By Mary Drew at Pasty Central (Mdrew) on Friday, January 19, 2024 - 07:33 am:
Jeff, Chris and Fritz Dennis recently did some exploring around the Gay Sands where the Mohawk Mill was located and Milled Copper there for years. As you can see, there are still some remnants of the milling process left there, besides all the gray stamp sands under the snow. There is plenty of mining history here, but since I’m not up on the particulars, I’ll share the following excerpt from the KeweenawHistory.org webpage, explaining a little about the Keweenaw’s Mining Heritage:
The legacy of industrial mining - from mill to town to stamp sands to ecological consequences - appears throughout the landscape in and around Gay. Visitors observe the tall smoke stack, the concrete and sandstone mill remains, the rows of company houses, and the extensive shoreline deposits of dark stamp sands that now extend down to the Traverse River Harbor. These scattered remnants are a key example of the “boom and bust” mining heritage at this site. The two Gay mills, some of the most profitable at the time, discharged millions of tons of stamp sand tailings into an enormous pile out from the shoreline into Big Traverse Bay.
This site is representative of many on the Keweenaw, reflecting both rich cultural histories and consequential sites of waste, toxicity, and harm that need to be remediated.
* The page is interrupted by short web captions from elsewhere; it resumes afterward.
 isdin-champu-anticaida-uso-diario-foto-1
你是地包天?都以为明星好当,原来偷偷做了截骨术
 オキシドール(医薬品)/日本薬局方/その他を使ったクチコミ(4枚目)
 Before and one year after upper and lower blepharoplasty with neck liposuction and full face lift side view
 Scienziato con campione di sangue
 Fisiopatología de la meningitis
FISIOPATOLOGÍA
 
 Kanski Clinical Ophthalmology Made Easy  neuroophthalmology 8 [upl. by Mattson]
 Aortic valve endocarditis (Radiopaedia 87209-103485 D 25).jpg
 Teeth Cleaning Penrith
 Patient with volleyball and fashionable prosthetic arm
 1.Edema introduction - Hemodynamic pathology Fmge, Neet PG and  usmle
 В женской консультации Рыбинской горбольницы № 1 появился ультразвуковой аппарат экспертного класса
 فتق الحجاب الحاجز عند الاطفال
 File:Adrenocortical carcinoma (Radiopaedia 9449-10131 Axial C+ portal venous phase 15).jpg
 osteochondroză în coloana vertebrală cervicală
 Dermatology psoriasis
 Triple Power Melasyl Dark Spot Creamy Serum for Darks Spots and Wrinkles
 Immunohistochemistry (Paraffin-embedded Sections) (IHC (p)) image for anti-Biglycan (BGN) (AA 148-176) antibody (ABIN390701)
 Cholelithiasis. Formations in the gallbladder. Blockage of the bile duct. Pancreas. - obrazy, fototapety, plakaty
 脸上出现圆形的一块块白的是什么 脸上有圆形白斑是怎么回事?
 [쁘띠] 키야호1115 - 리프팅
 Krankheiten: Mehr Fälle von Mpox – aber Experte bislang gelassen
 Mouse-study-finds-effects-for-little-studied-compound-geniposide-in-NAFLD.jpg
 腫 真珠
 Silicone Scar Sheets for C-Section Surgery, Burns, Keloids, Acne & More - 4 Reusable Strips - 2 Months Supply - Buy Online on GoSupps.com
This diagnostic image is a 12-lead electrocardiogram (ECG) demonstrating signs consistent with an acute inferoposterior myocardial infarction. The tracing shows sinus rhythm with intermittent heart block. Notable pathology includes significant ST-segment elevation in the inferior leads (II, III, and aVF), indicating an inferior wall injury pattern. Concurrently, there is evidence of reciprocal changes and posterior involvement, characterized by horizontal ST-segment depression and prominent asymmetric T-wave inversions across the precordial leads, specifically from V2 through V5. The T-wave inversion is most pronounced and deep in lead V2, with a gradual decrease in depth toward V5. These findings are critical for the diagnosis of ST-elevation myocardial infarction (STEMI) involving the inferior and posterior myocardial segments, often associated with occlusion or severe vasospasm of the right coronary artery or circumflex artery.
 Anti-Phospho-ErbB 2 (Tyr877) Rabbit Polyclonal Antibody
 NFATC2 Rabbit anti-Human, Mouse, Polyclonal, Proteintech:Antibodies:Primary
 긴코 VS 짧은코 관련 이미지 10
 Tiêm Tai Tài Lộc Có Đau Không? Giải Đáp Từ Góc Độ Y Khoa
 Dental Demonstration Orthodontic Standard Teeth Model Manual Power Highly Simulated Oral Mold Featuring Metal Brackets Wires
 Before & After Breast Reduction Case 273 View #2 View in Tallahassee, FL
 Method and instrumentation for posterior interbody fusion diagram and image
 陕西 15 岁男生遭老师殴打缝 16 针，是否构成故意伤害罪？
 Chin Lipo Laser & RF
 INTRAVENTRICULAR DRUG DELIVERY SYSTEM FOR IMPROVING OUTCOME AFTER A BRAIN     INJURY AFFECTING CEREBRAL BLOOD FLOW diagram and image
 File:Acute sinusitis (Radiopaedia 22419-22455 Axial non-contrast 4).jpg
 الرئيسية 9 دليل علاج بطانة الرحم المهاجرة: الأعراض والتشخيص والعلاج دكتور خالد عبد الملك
Although the mills operated for only about thirty years and built a social and work life for many residents, they left over a 100-year legacy of migrating stamp sands threatening the fishing heritage and beautiful beaches valued in the Keweenaw. Of the three large stamp sand sites in Lake Superior at Freda-Redridge on the western side of the Peninsula, and Sand Point near the foot of Keweenaw Bay, Gay creates the most concern.